Será que é só, exclusivamente, culpa minha essa dificuldade em me relacionar com as outras?! Será que eu sou assim tão difícil, e portanto, nenhuma mulher vai querer ficar comigo mais de uma noite? Será que eu não vou conseguir constituir uma família? Será que não sou boa suficiente pra andar de mãos dadas na rua, apresentar aos amigos? Será que não sou digna de fazer parte de planos futuros da outra? Será?

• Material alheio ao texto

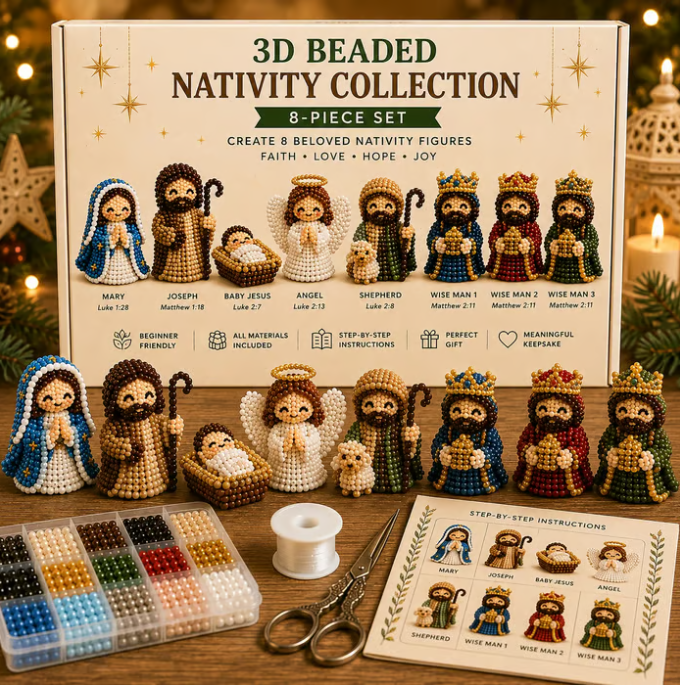 ✝️3D Beaded Nativity Collection DIY Kit – Christmas Faith Craft Set (8-Piece Set)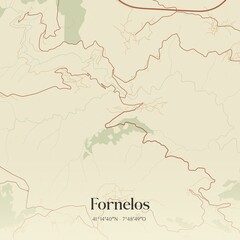 Vintage map of Fornelos, Portugal. 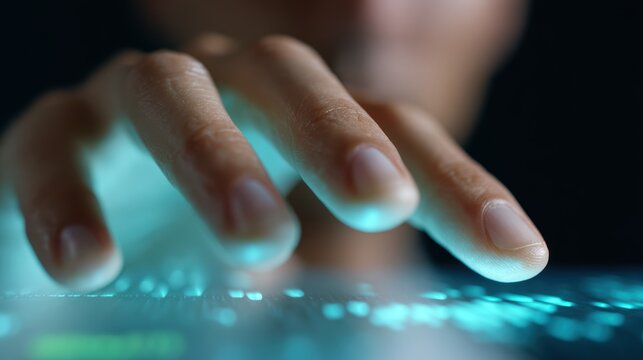 Close-up of a human hand interacting with a holographic interface displaying financial data, futuristic office. Blue and green light, ultra high definition.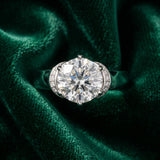 White gold Round Solitaire Diamond Ring with Pave Band and Six-Prong Setting_15
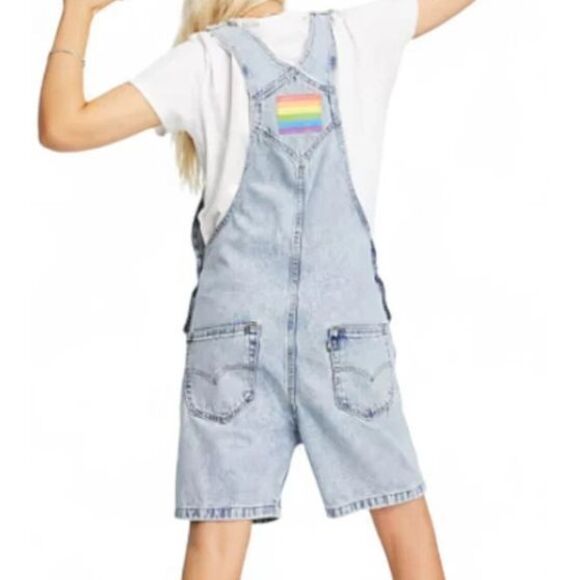 Levi's A00530000 Unisex Sz S Blue Pride Liberation Denim Short Overalls - Picture 14 of 14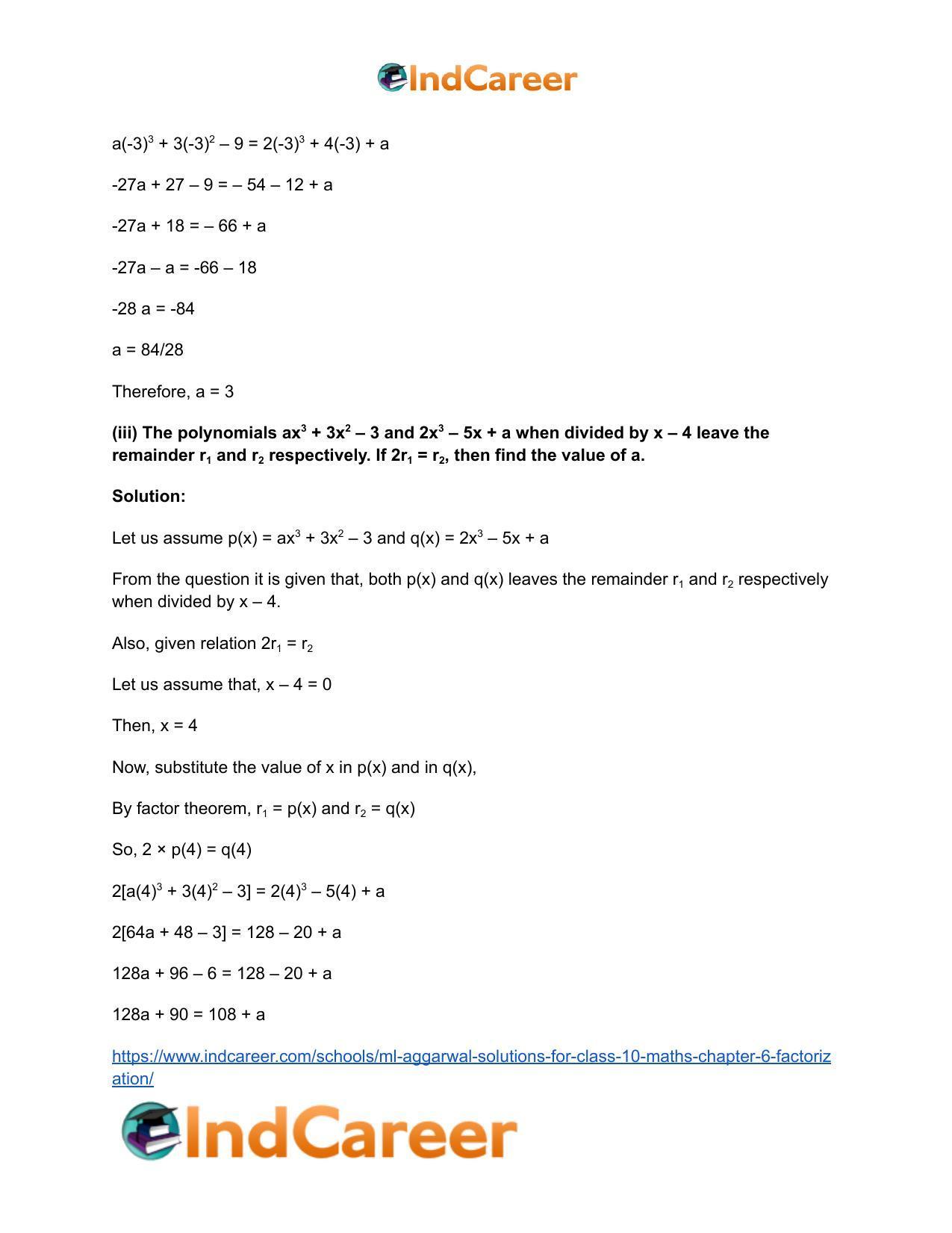ML Aggarwal Solutions for Class 10 Maths Chapter 6- Factorization - Page 11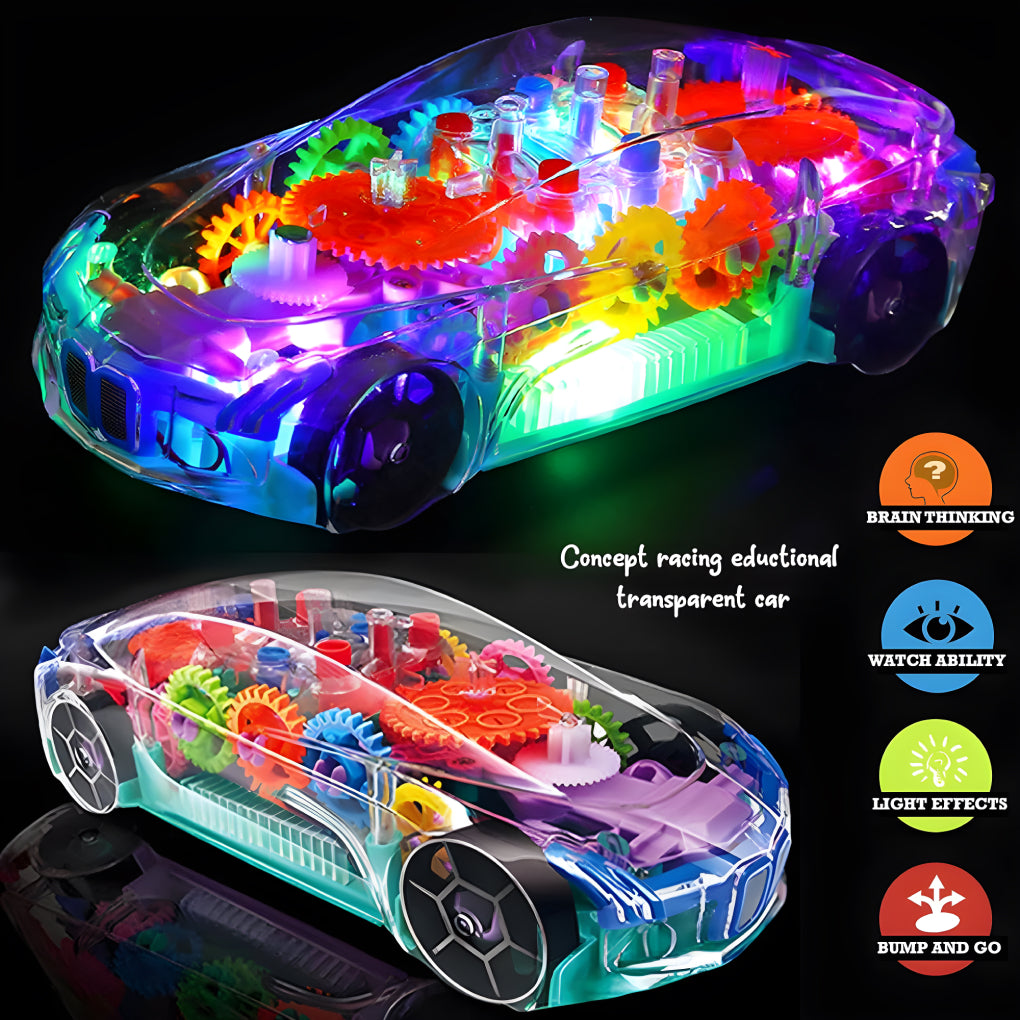 Transparent Concept Racing 3D Car with 360 Degree Rotation, Lights and Musical Sounds Effect, Bump N' Go Action Car Toy for Kids, Girls & Boys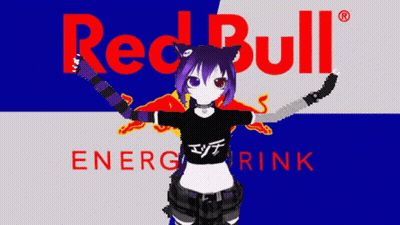 A Girl Stands In Front Of A Red Bull Energy Drink Advertisement GIF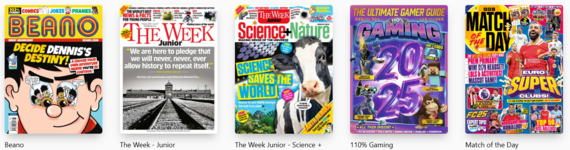 Pressreader magazine covers including The Beano, Match of the Day, The Week Junior and 110% Gaming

by Laurence Jaugey-Paget, Untitled, 1990

by Laurence Jaugey-Paget, Untitled, 1990

Não sou parâmetro pra nada, tampouco acho que o que vivo é exclusividade minha,  então me ponho a observar minhas amigas: poucas tem namoradas. Conto nos dedos de uma mão aquelas que estão em relacionamentos longos. A maior parte delas estão sozinhas, assim como eu. A maior parte delas também se indaga sobre essa solidão que ecoa baixinho dentro da gente e só sai em momentos muitos pontuais, de desabafo. E depois seguimos adiante com nossas vidas porque é preciso. Algumas das minhas amigas, que são pretas e lésbicas, gostariam de estar namorando agora. Gostariam de ser a opção para além do sexo. Sexo esse que nos vem com muita facilidade, afinal, ninguém tá morta, mas também vai embora fácil. Mas não vivemos só de sexo, só de beijos no canto da balada, não vivemos só dos beijos de carnaval. Desejamos o companheirismo, o carinho em suas diversas manifestações, desejamos mãos dadas na praça; àquela cumplicidade de ter certeza que vai encontrar na outra apoio mútuo, ao menos um colo aconchegante; desejamos conchinha embaixo do cobertor quentinho em dia frio, e em dia de calor também! Desejamos muito mais do que uma noite, mas o que temos é tão somente algumas horas onde precisamos nos dar por satisfeitas com isso.

 

by Parminder Sekhon, Untitled, 1994

by Parminder Sekhon, Untitled, 1994

 

Essa semana a Revista Forum lançou uma matéria muito rica sobre a solidão da mulher negra, você pode acessar aqui. Intitulada “A solidão tem cor”, o texto conta a colaboração intelectual das pesquisadoras Ana Claudia Pacheco,  doutora em Ciências Sociais pela Universidade Estadual de Campinas (Unicamp) com a tese Branca para casar, mulata para f…., negra para trabalhar”: escolhas afetivas e significados de solidão entre mulheres negras em Salvador, Bahia, e também a Claudete Alves, mestre em  Ciências Sociais pela Pontifícia Universidade de São Paulo (PUC-SP) com a dissertação A solidão da mulher negra – sua subjetividade e seu preterimento pelo homem negro na cidade de São PauloDelineando com muito cuidado, as autoras Jarid Arraes e Anna Beatriz Anjos, levantam o histórico racial da condição da mulher negra brasileira, que foi destituída de seu corpo-intelecto-prazer com o processo escravizador ao qual fomos submetidas, cujas consequências permanecem até hoje em nossas vidas. Sem precisar recorrer à acadêmicos, olho para minha mãe que até hoje é uma mulher solitária. Passou a maior parte da vida dela completamente sozinha, sendo responsável por absolutamente tudo. Uma história recorrente na vida das mulheres negras. Destaco abaixo um trecho da matéria pra pontuar o privilégio branco que é latente e que se reproduz nas relações afetivas, sem sombras de dúvidas:

“(…)A situação de vantagem em que a mulher branca se encontra em relação à negra no mercado matrimonial, sobretudo em relação aos homens pardos e negros, é evidente. “Isso é uma pista segura de que há a interferência social e histórica que termina também sendo um dos fatores que tira, para além de todos os outros direitos da mulher negra, o direito ao amor”, destaca Alves.(…)”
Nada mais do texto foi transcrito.